According to Potkulski’s report, traffic counts show that 13,000 vehicles pass in front of Young Israel of East Brunswick every day, about twice as many as the number of vehicles passing on the other side of the road, north of Ryders Lane. A manual count of pedestrian traffic showed that 575 people pedestrians walked through the area during a three our period on a Saturday.
Among the recommendations Potkulski expects to make to the Township Council in November are a lowering of the speed limit, changing the road from two large lanes to four narrower lanes to slow traffic, adding a pedestrian camera detection system at the Ryders Lane and Hardenburg Lane lights, and increased lighting at several intersections.
According to Potkulski’s report, 85 percent of drivers travelled 40 mph on Dunhams Corner Road near Young Israel, which is the posted limit, and 43 mph on the other side of the road past Ryders Lane. However, a request to change the speed limit would also include other factors, he said, including residential density, pedestrian usage, surrounding schools and whether or not the road is designed for that type of speed.
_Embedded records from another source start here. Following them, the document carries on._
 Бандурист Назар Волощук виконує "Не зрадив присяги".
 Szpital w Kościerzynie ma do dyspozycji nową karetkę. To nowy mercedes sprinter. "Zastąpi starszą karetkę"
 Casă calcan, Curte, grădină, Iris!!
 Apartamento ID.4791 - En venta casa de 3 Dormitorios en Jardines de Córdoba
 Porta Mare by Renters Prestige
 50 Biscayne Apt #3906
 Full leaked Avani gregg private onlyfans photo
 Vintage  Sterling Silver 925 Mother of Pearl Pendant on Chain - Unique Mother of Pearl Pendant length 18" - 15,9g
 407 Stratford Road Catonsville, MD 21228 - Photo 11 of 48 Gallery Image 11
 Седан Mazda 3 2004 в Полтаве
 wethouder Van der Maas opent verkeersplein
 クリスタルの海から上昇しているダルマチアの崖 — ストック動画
“At this point I can say that the report is three quarters of the way done,” he said. “We’re waiting for additional data, but will recommend, hopefully, at the first meeting in November the lowering of the speed limit. To what I can’t tell.”
Mayor David Stahl said the township is constantly evaluating the safety of all its roads with regards to car and pedestrian traffic. He also said he would like to install solar powered speed limit signs along Dunhams Corner Road before the winter. The signs would indicate the posted speed limit while also alerting drivers about what speed they are driving at the time.
William Krause, deputy chief and director of the East Brunswick Police Department, told the council Monday that the department immediately instituted a zero tolerance policy in the area following the accident, a policy that remains in place. Educational opportunities also have been taken, including short videos on pedestrian safety that will be broadcast on EBTV.
“The message we’re sending clearly is that we are not going to tolerate people not driving in a safe manner in the township, and if that means you receive a summons, then so be it,” he said.
At the start of Monday’s meeting, Mayor Stahl read a proclamation commending the rescue workers who responded to the accident.
Austin Kosik, manager of the office of emergency management, also was able to provide a snapshot of what happened in the moments that followed the accident. He said the township received 31 9-11 calls in a little over two minutes, 24 from cell phones. Of those calls, only six had to go to an alternate location because of the flood of calls. Responding within 15 minutes were five ambulances, two paramedics, two fire engines, police, and the utilities workers.
All three fire districts, the East Brunswick Police Department, East Brunswick Rescue Squad, Spotswood First Aid Squad, Robert Wood Johnson Paramedics and the Department of Parks and Recreatino all responded to the emergency.